#3 Measuring What Matters -- or What's Convenient?: Robustness of LLM-Based Scoring Systems to Construct-Irrelevant Factors

Detailed Summary (EN)

Read-like-fullpaper digest

This paper tackles Chief among these construct-irrelevant factors is text length; early studies involving simple models demonstrated that repeating sentences or entire paragraphs within an essay could artiﬁcially inﬂate scores predicted by these models [14], while more recent studies have demonstrated that this issue persists even in transformer-based scoring systems [15]. With this rise in LLM-based scoring solutions, there is a renewed focus on the robustness of these systems under adversarial conditions, especially with widespread public awareness of the limitations in the underlying technology (e.g., “hallucinations” [3]), which was not the case with prior modes of automated scoring. Over time, methods for automatically evaluating written work have evolved from using handcrafted features (e.g., type-token ratios, part-of-speech tagging) and simple models [10] to more complex approaches including neural networks and transformer-based models [10, 15].

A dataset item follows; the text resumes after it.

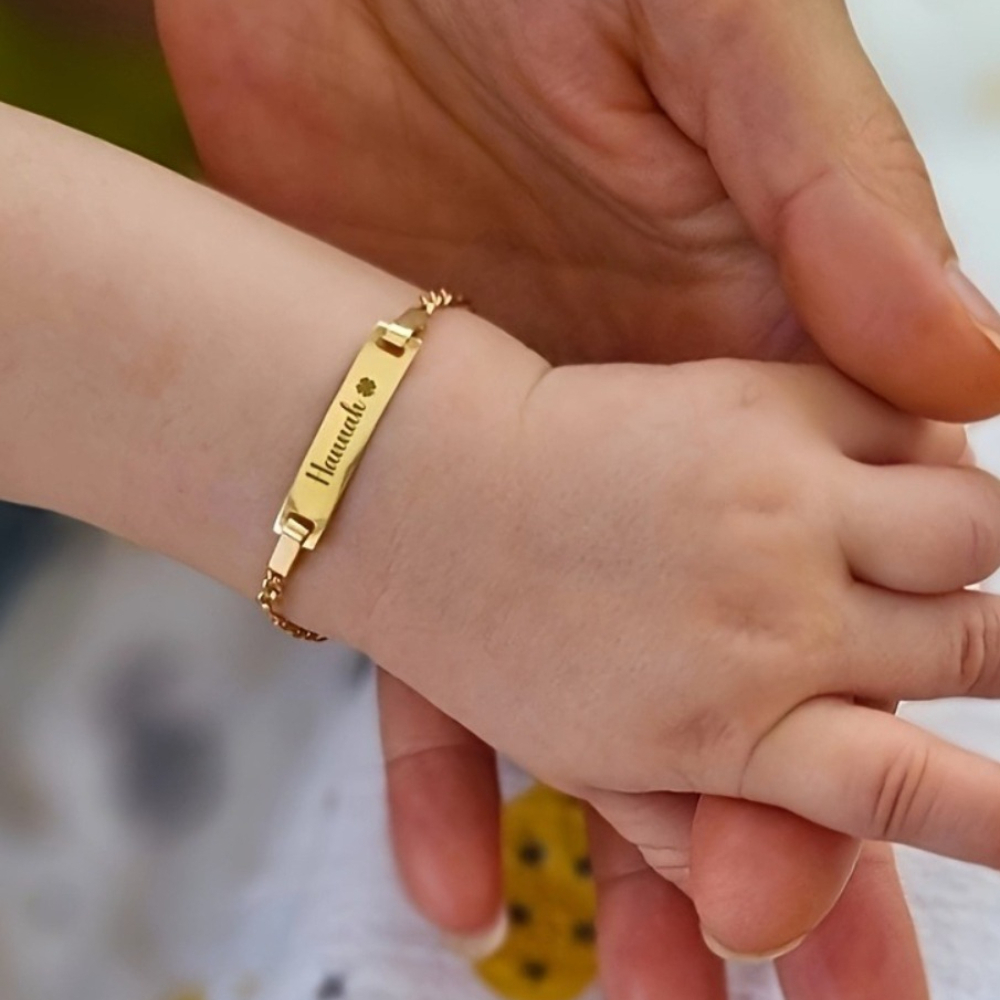 Personalized Curved Bracelet of 18K Gold-Plated Stainless Steel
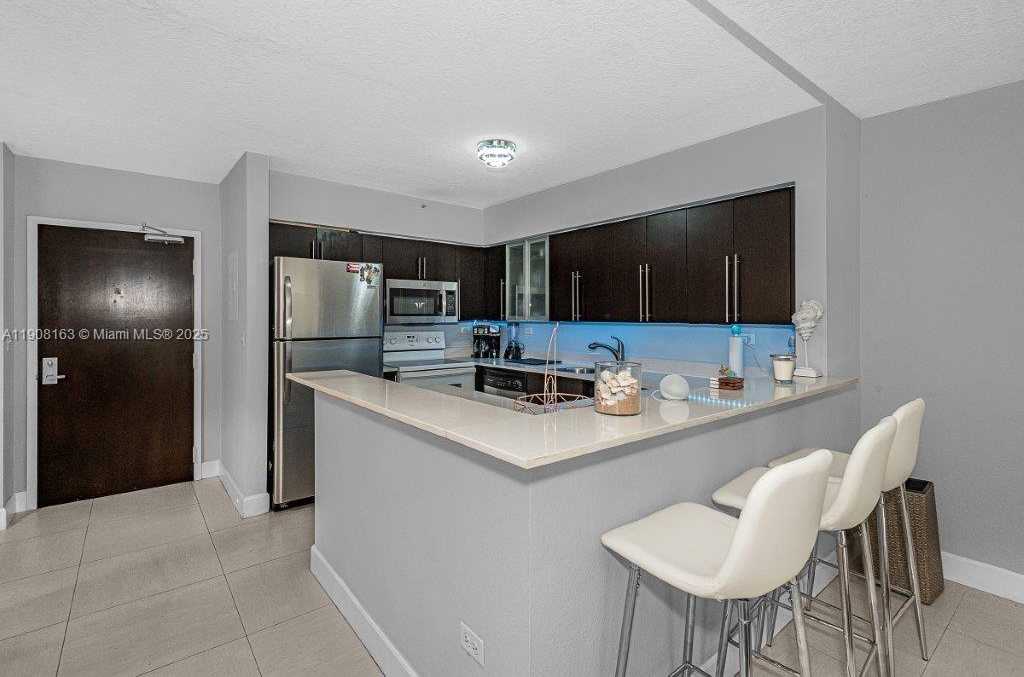 Small Image of 1500 BAY RD #128S, Miami Beach Number 20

The core proposal is Automated Scoring System We developed an automated scoring system for this assessment that used a dual-architecture LLM-as-a-Judge feature extraction component together with clear-box regression algorithms similar to those described in Refs. Through simulations with varying sample sizes, we identiﬁed that a set of at least 500 responses would allow us to reliably calculate paired Cohen’s d eﬀect sizes with our desired precision (width of 95% conﬁdence interval < 0.2); we developed our sampling strategy with this heuristic in mind. Aligning with the constructs assessed by the instrument, we designed the scoring system to reward higher-level features related to personal and professional skills (such as the collaboration-related behavior noted above) rather than language proﬁciency or content-mastery. To receive a high score on this item, students were expected to demonstrate behaviors consistent with collaboration in their responses such as suggesting approaches to managing diﬀerences and resolving conﬂict.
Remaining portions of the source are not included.